Building a Credit Risk Feature Set From Transactions (Without Lying to Yourself)

Credit risk sounds intimidating until you realize it’s mostly one question asked a thousand different ways: based on what we know right now, how likely is it that this borrower pays us back?

The tricky part is that “what we know right now” is where a lot of projects quietly fall apart. People build beautiful features, run a model, get great accuracy… and then realize the features accidentally used information from the future. That’s like predicting tomorrow’s weather using tomorrow’s forecast. It works, but it’s not exactly honest.

This post walks through how I’d turn raw transaction data into a credit-risk-ready feature set in a way that’s practical, explainable, and actually usable.

What makes transaction data valuable for risk

Transaction data is useful because it shows behavior, not promises.

Income consistency shows up in deposit patterns.
Spending habits show up in merchant categories and timing.
Cash flow stress shows up in overdrafts, fee events, and volatility.
Debt pressure shows up in recurring payments and utilization-like patterns.

The goal isn’t to profile someone’s life. It’s to summarize financial stability in a way that’s measurable and fair.

Start with the table you wish you had

Raw transactions are messy. Before building features, I like to create a clean base table with a few standardized columns:

account_id
transaction_id
posted_at (a real timestamp)
amount (with clear sign convention)
merchant_name
merchant_category
transaction_type (debit/credit)
description
balance_after (if available)

If you don’t have balance_after, you can still do a lot, but you’ll lean more heavily on inflows/outflows.

Define the moment in time you’re predicting from

This is the part that keeps you honest.

You need an “as of” date for each borrower. That is the date when the credit decision would have been made. All features must use only data on or before that date.

If you’re building this from historical data, you’ll also need an outcome window, like “did they default within 90 days after origination?” The features use the past; the label uses the future.

So the structure is:

as_of_date (decision date)
lookback window (past 30/60/90 days)
outcome window (next 60/90/180 days)

If you get this wrong, the model can look amazing and still be useless.

Pick features that are explainable and durable

I like features that a non-technical person can understand in one sentence. That doesn’t mean they’re simplistic. It means they’re defensible.
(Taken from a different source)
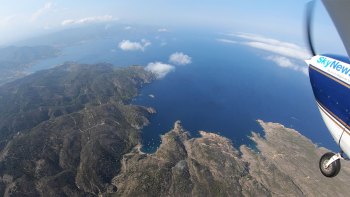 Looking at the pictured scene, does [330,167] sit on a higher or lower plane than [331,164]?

Here are categories that usually work well.

Income consistency features

You’re not trying to “detect salary” perfectly. You’re trying to measure stability.

Pay frequency estimate (weekly/biweekly/monthly)
Median deposit amount over a lookback window
Deposit volatility (how much deposits vary)
Longest gap between deposits
Share of income from top 1 source (concentration risk)

Example: deposit regularity by month

WITH daily AS (
  SELECT
    account_id,
    DATE(posted_at) AS d,
    SUM(CASE WHEN amount < 0 THEN ABS(amount) ELSE 0 END) AS daily_spend
  FROM clean_transactions
  WHERE posted_at <= @as_of_date
    AND posted_at >= DATE_SUB(@as_of_date, INTERVAL 90 DAY)
  GROUP BY 1, 2
)
SELECT
  account_id,
  AVG(daily_spend) AS avg_daily_spend,
  STDDEV_SAMP(daily_spend) AS std_daily_spend
FROM daily
GROUP BY account_id;

Cash flow stress features

These capture “are they constantly close to the edge?”

Number of days with negative balance (if balance exists)
Count of overdraft/NSF fees (category-based)
Low-cash days (balance below a threshold)
Outflow-to-inflow ratio
Biggest single-day spend compared to typical days

Example: outflow/inflow ratio

SELECT
  account_id,
  SUM(CASE WHEN amount < 0 THEN ABS(amount) ELSE 0 END) /
  NULLIF(SUM(CASE WHEN amount > 0 THEN amount ELSE 0 END), 0) AS outflow_inflow_ratio
FROM clean_transactions
WHERE posted_at <= @as_of_date
  AND posted_at >= DATE_SUB(@as_of_date, INTERVAL 60 DAY)
GROUP BY account_id;

Spending stability features

These answer: do they have predictable spending patterns or big swings?

Daily spend volatility
Weekend vs weekday spend ratio
Share of spend in essentials categories
Number of distinct merchants (behavior complexity)
Largest category concentration

Example: daily spend volatility

WITH daily AS (
  SELECT
    account_id,
    DATE(posted_at) AS d,
    SUM(CASE WHEN amount < 0 THEN ABS(amount) ELSE 0 END) AS daily_spend
  FROM clean_transactions
  WHERE posted_at <= @as_of_date
    AND posted_at >= DATE_SUB(@as_of_date, INTERVAL 90 DAY)
  GROUP BY 1, 2
)
SELECT
  account_id,
  AVG(daily_spend) AS avg_daily_spend,
  STDDEV_SAMP(daily_spend) AS std_daily_spend
FROM daily
GROUP BY account_id;

Debt pressure features

If you can identify recurring payments (rent, utilities, loans), you can estimate obligations.

Count of recurring bills
Total recurring amount as a share of deposits
Presence of debt collections indicators (if categories exist)
Late fee patterns (fees often correlate with stress)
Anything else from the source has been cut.